Learning SQL JOINs Using Real-Life Situations

sql join in real-life situations

The JOIN statement lets you work with data stored in multiple tables. This article is a practical introduction to the SQL JOIN.

Imagine if you could only work with one database table at a time. Fortunately, this isn’t anything we have to worry about. Once you learn the JOIN statement, you can start linking data together. This article will give you examples that illustrate how we use JOINs, how each type of JOIN works, and when to use each type. Plus, I’ll share some tips that will help you avoid making common mistakes when using JOINs.

What is the SQL JOIN Clause?

The JOIN clause allows us to combine the columns from two or more tables based on shared column values. Look at the following example. Say we have a students table that holds student names, their respective usernames, and an ID number. We also have a “comments” table that stores any comments students have posted in a forum. Here are the two tables.

Let’s add some test data:

INSERT INTO `students` VALUES
(1,'Jhon','jj2005'),(2,'Albert','salbert'),(3,'Mathew','powermath'),
(4,'Lisa','lisabbc'),(5,'Sandy','imsandyw'),(6,'Tamara','tamy21');
id name forum_username
1 Jhon jj2005
2 Albert salbert
3 Mathew powermath
4 Lisa lisabbc
5 Sandy imsandyw
6 Tamara tamy21
INSERT INTO 'comments' VALUES 
(1,'jj2005','Awesome!'),(2,'jj2005','This is great :)'),
(3,'powermath','Hmmm...'),(4,'imsandyw','Let\'s wait a moment'),
(5,'lisabbc','Sure thing'),(6,'lisabbc','wow!'),
(7,'lisabbc','lol 🙂 🙂 :)');
id forum_username comment
1 jj2005 Awesome!
2 jj2005 This is great 🙂
3 powermath Hmmm…
4 imsandyw Let’s wait a moment
5 lisabbc Sure thing
6 lisabbc wow!
7 lisabbc lol 🙂 🙂 🙂

As you can see, both tables have the forum_username column in common. Therefore, this column can be used to in a JOIN statement to relate the two tables together.
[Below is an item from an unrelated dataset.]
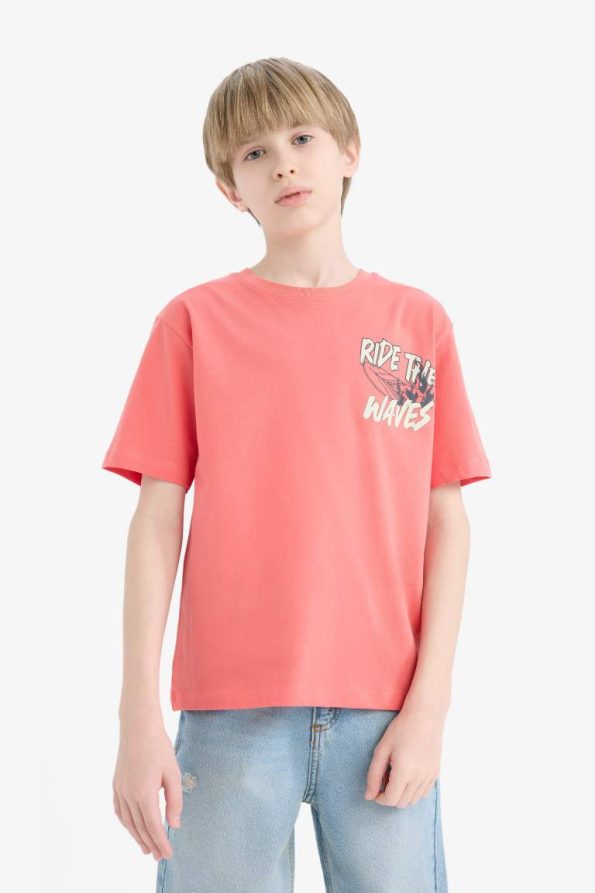 Boys' Printed Crew Neck Short Sleeve T-Shirt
For example, if we wanted to know the actual student name for each of the comments in the forum, we would write this JOIN query:

SELECT 
    students.name, comments.forum_username, comments.comment
FROM
   students 
       INNER JOIN
   comments ON students.forum_username = comments.forum_username
ORDER BY students.name ASC;

The results would look like this:

name forum_username comment
Jhon jj2005 Awesome!
Jhon jj2005 This is great 🙂
Lisa lisabbc lol 🙂 🙂 🙂
Lisa lisabbc wow!
Lisa lisabbc Sure thing
Mathew powermath Hmmm…
Sandy imsandyw Let’s wait a moment

Note: I have purposely used forum_username to illustrate the JOIN concept, but in practice you would use the primary key (in this case, the id column from the students table) to relate tables.

Getting to Know the JOIN Types

There are several types of JOINs. Let’s review them quickly:

INNER JOIN: This JOIN returns records that have a match in both tables based on the join predicate (which comes after the ON keyword). This is the same JOIN as we used in the preceding example. The INNER keyword is optional.
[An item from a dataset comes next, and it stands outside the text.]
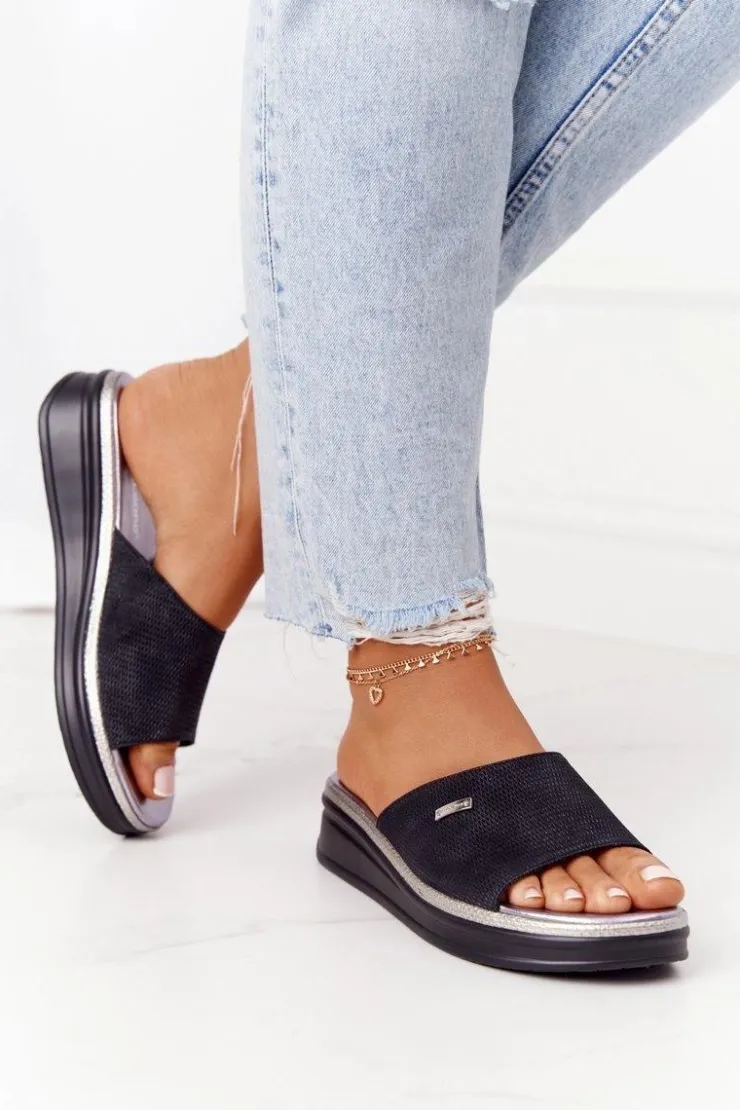 Buty Sergio Leone Klapki Na Koturnie|Klapki Na Obcasie*Klapki Na Koturnie Sergio Leone SK042 Czarne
LEFT [OUTER] JOIN: This will return all records from the left table (i.e. the table you list first in the JOIN) and only matching records from the right (i.e. second) table. The OUTER keyword is optional.

Following the student forum example, this would be:

SELECT 
    students.name, comments.forum_username, comments.comment
FROM
   students 
        LEFT JOIN
   comments ON students.forum_username = comments.forum_username
ORDER BY students.name ASC;

This LEFT JOIN would return a record for all students – including Tamara and Albert, who don’t have any comments and wouldn’t be listed in the results of an INNER JOIN. Notice too that in this LEFT JOIN example, Tamara’s and Albert’s comment column results will be NULL.
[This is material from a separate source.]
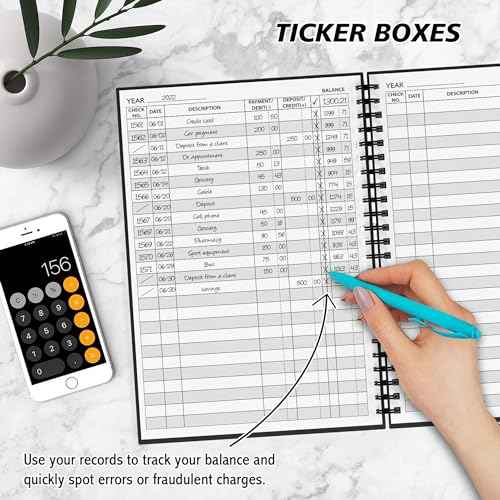 Accounting Ledger Book - A5 Check Register for Small Businesses & Personal Use, Account Book for Tracking Money, Expenses, Deposits & Balance, 5.8" x 8.6" (Black)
RIGHT [OUTER] JOIN: This is the inverse of the LEFT JOIN; it returns all records from the right (second) table and only those that have a match from the left (first) table.

A query similar to the previous example would look like this:

SELECT 
    students.name, comments.forum_username, comments.comment
FROM
   students 
        RIGHT JOIN
   comments ON students.forum_username = comments.forum_username
ORDER BY students.name ASC;

FULL [OUTER] JOIN: This is essentially the combination of a LEFT JOIN and a RIGHT JOIN. The result set will include all rows from both tables, populating the columns with table values when possible or with NULLs when there is no match in the counterpart table. This is not a JOIN you’ll use very often in real life. Note: MySQL lacks this statement, but a similar result can be achieved using the UNION of LEFT JOIN and RIGHT JOIN.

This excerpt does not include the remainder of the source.